Output exactly the lines from the line that has "Waterdichte poncho Ocean & Earth Super Storm" through the last line of the data below, with no pictures.

• Data
—————
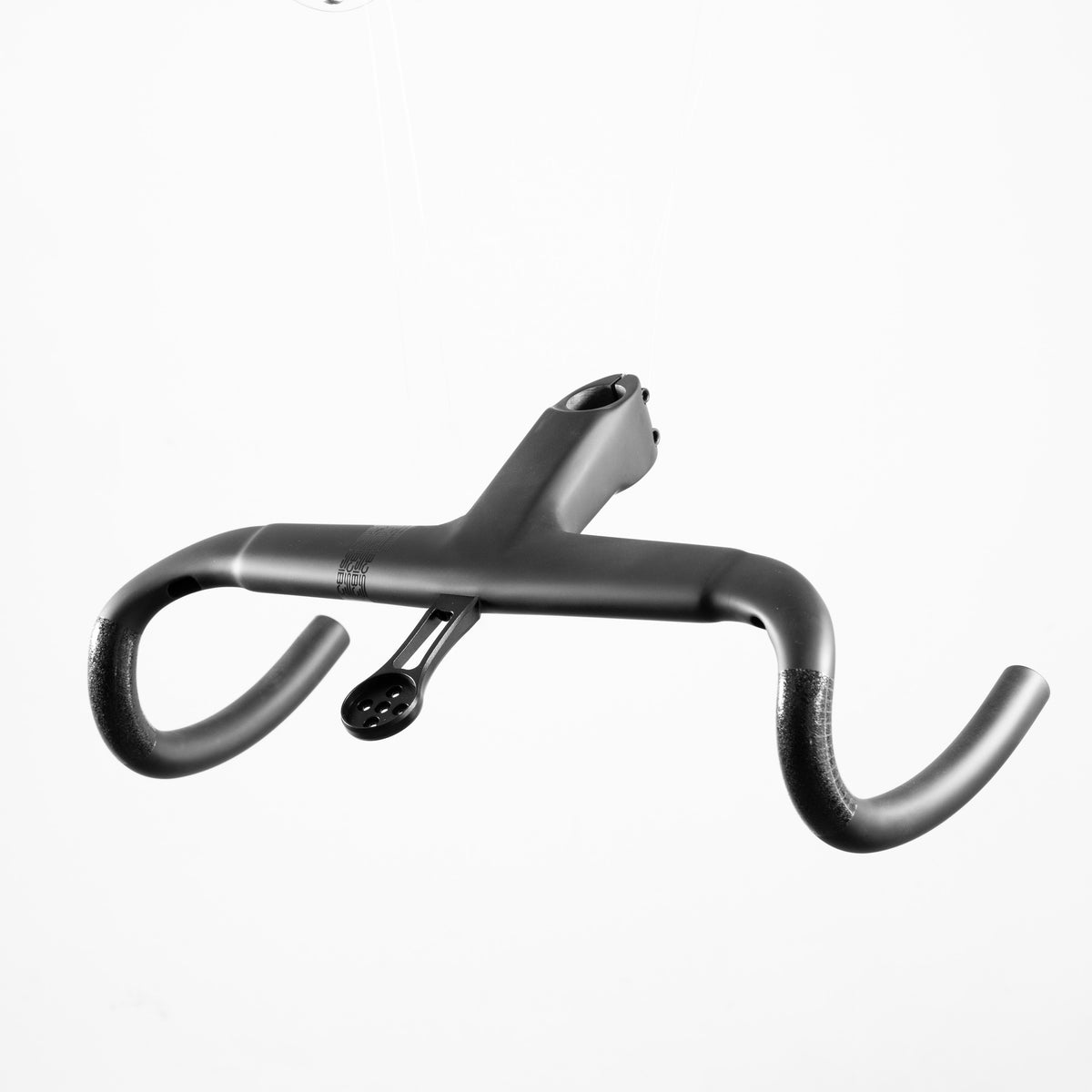 Core - Inrtegrated Carbon Road Handlebar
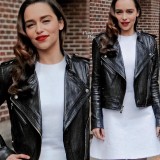 Emilia-Clarke-44674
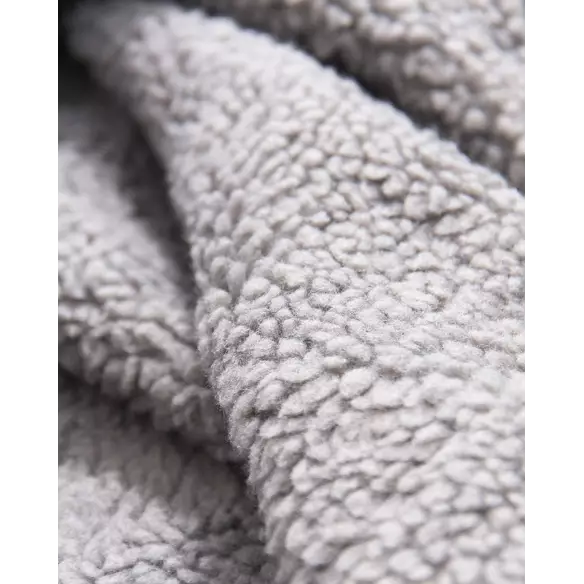 Waterdichte poncho Ocean & Earth Super Storm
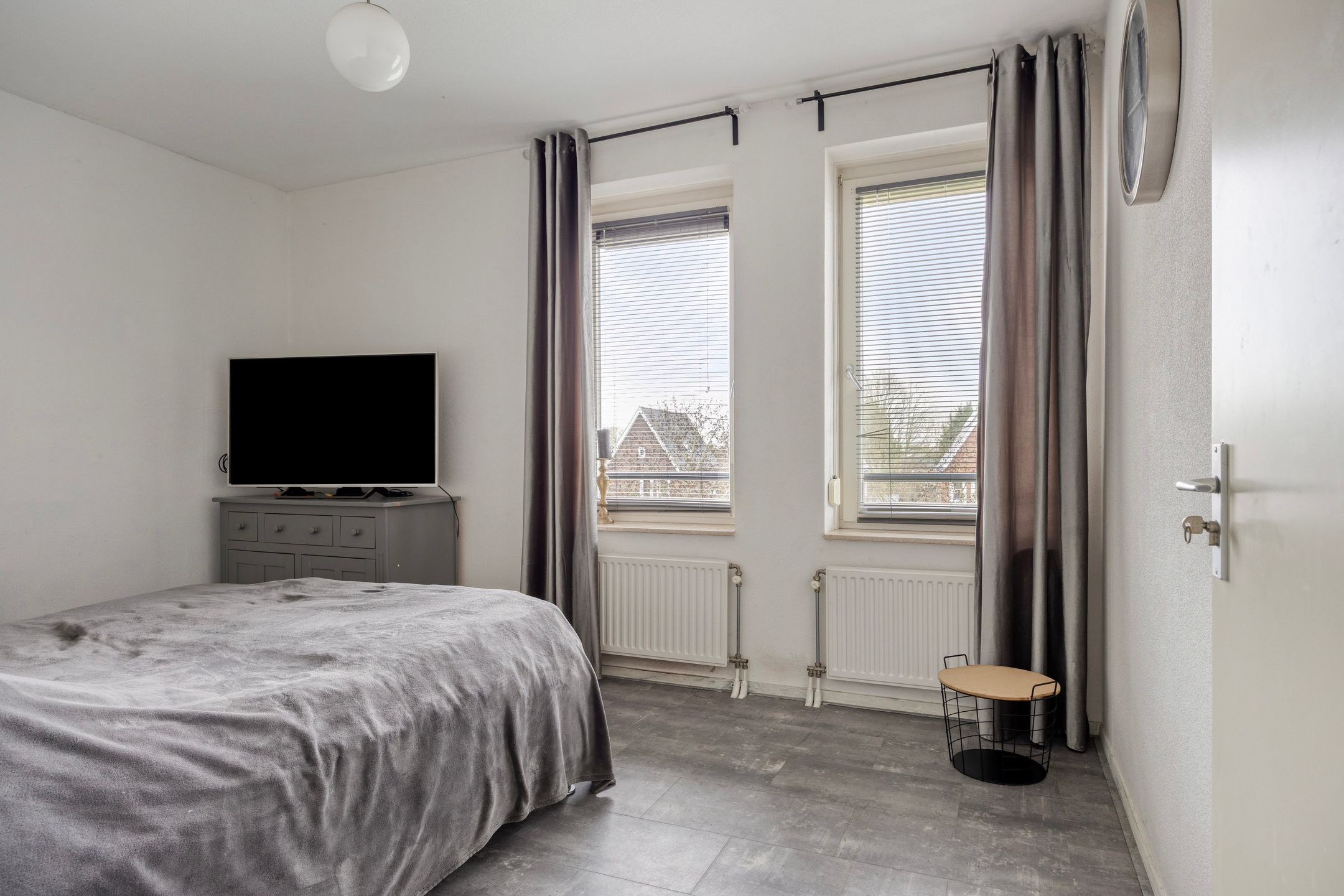 Foto 21 van Grote Breeken 35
—————
• Your solution
 Waterdichte poncho Ocean & Earth Super Storm
 Foto 21 van Grote Breeken 35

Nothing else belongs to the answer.